There won’t be many occasions when the Celtics will play before a national audience this season. They lack the star power that drives TV ratings and the overall intrigue that pulls audiences in. That’s just the business.
But Friday night was an exception. ESPN cameras broadcast across the land the Celtics’ game against Denver at TD Garden, and those who tuned in saw that starless team whose season was supposed to be a dead end pound on a tough Western Conference foe.
They saw the Celtics win for the fifth time in seven games, turning in a 106-98 result, and pad their lead in the Eastern Conference’s Atlantic Division to 1 ½ games.
And the fans at the Garden seemed especially pleased at what they saw, as they were the loudest they’ve been all season.
“You know, earlier in the season, the Red Sox were still in the playoffs, so we didn’t get a lot of fans then,” swingman Gerald Wallace said. “And then a lot of people are just new to this team. So they’re still trying to figure out who we are.”
It seems like they’re starting to learn, just as the Celtics are starting to find a groove, one that has come by playing a team-focused game.
They racked up 25 assists Friday, three short of their season high, and also had just 10 turnovers, which tied their season low. Their ballhandling, in short, was excellent, and it helped them take a 27-point lead then withstand a late Denver surge before sealing the win.
The Celtics’ game plan was to attack the rim, because the fast-paced Nuggets feast on grabbing long rebounds off missed jumpers and then sprinting up the floor for a fast-break bucket.

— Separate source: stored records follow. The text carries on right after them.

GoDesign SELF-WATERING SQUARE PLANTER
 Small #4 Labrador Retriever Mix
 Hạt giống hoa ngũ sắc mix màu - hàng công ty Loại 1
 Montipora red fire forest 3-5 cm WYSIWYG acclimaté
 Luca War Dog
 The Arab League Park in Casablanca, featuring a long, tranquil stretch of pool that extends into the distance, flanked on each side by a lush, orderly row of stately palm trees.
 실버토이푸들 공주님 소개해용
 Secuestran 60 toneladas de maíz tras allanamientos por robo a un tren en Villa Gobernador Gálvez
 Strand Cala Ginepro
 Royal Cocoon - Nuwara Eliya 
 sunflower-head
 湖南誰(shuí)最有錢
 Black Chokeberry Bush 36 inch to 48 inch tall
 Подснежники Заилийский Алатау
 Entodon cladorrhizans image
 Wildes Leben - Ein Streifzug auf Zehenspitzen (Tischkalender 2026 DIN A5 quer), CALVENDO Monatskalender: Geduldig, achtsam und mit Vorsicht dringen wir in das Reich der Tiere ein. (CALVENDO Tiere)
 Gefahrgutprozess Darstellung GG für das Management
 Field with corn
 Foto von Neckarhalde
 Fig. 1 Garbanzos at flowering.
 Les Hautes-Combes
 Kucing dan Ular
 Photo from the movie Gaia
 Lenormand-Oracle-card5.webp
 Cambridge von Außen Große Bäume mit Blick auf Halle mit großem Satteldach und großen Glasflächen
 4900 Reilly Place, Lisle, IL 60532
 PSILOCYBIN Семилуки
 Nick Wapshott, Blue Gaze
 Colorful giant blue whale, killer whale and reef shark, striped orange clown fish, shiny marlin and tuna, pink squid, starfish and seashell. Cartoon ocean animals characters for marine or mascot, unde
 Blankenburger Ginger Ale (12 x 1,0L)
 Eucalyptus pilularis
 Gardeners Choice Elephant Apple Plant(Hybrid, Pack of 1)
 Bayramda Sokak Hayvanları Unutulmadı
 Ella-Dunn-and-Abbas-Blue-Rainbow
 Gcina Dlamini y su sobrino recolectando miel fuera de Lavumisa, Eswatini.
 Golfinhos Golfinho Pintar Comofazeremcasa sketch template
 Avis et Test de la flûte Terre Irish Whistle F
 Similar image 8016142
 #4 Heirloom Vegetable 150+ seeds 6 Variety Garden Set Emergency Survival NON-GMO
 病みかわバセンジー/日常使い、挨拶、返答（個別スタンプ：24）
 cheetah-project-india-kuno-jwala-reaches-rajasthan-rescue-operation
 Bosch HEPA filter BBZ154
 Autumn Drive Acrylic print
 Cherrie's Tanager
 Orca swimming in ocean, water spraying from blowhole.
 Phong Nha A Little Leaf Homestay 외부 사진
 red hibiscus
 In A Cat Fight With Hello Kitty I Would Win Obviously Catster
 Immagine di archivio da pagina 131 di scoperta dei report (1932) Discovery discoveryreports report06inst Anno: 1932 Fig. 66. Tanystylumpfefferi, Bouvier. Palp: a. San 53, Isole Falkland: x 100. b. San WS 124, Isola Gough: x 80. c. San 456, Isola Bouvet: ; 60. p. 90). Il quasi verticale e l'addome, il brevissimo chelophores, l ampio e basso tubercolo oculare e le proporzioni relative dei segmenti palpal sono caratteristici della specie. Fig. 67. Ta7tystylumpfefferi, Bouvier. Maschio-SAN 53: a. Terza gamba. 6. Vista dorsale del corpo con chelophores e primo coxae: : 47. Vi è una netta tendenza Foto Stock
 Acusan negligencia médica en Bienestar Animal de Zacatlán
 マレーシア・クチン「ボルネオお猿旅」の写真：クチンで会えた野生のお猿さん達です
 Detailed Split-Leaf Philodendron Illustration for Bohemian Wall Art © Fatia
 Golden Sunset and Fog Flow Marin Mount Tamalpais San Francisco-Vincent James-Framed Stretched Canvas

“Our main thing was, we wanted them to take the ball out of the basket and kind of play against our half-court set defense,” Wallace said.
The Celtics followed that plan brilliantly in the first half, scoring the first 14 points while Denver missed its first eight shots.
Then Jeff Green hit a long 3-pointer with 1.2 seconds left in the quarter to give the Celtics a 39-15 lead, matching Boston’s highest-scoring quarter this season.
The Celtics kept up their hot shooting and crisp passing in the second quarter, and they led by 20 at halftime.
Boston’s 64 first-half points marked its highest total for any half this season, and it reached that number after shooting a smooth 56.8 percent (25 of 44) from the field.
But the Nuggets opened the third quarter on a 20-4 run, putting a scare in the Celtics.
“You knew they were going to make a run,” said Jordan Crawford, who scored a game-high 22 points.
“They’re a great scoring team. You can’t be surprised by it. You’ve got to keep playing.”
A 7-0 Celtics run stopped the Denver surge, and the Celtics held on in the fourth.
The Celtics have been up by more than 20 at home before this season . . . and lost.
Assistant Ron Adams told Celtics coach Brad Stevens at halftime of that Nov. 1 game against Milwaukee, when Boston led by as many as 22, that 20-point halftime leads are hard to hold in the NBA.
“But the best part about tonight is things didn’t always go our way and we responded and I think that that’s a huge character trait of a good team, especially one that’s been beaten that way earlier in the season,” Stevens said.
Four starters scored in double figures Friday. Avery Bradley added 18 points, Jeff Green had 15 points, and Brandon Bass pitched in with 14 points and eight rebounds. Crawford added a game-high eight assists.
But perhaps the star of the night was forward Kris Humphries, who has played sparingly this season, including not playing at all in six games.
Against the Nuggets, Humphries scored 18 points on 8-of-11 shooting in 24 minutes off the bench.
He also grabbed seven rebounds and came up with key baskets to stop Denver’s second-half run.
“We’re winning and stuff, I don’t like to focus on me and where I’m at,” Humphries said. “We’re at the top of the division, so that’s what’s important.”
Humphries also played well when Jared Sullinger did not, with 8 points on 4-of-13 shooting.
“That shows a big sign about our team,” Sullinger said. “That somebody is not playing well — particularly myself — you got people like Kris Humphries to step in and take charge.”
And now the Celtics will head to New York to play the teams in the basement of the division: New York (Sunday) and Brooklyn (Tuesday).
Both of those teams, which boast the two highest payrolls in basketball, will play before national audiences this season, as they have the stars and the intriguing story lines, though the story now is focused on their struggles.
To the north, meanwhile, the Celtics’ story has been one of improvement.
“We’re playing as a team, executing, everybody is buying in,” Crawford said.
Anyone who watched Friday — whether at the Garden or on TV — would have to agree.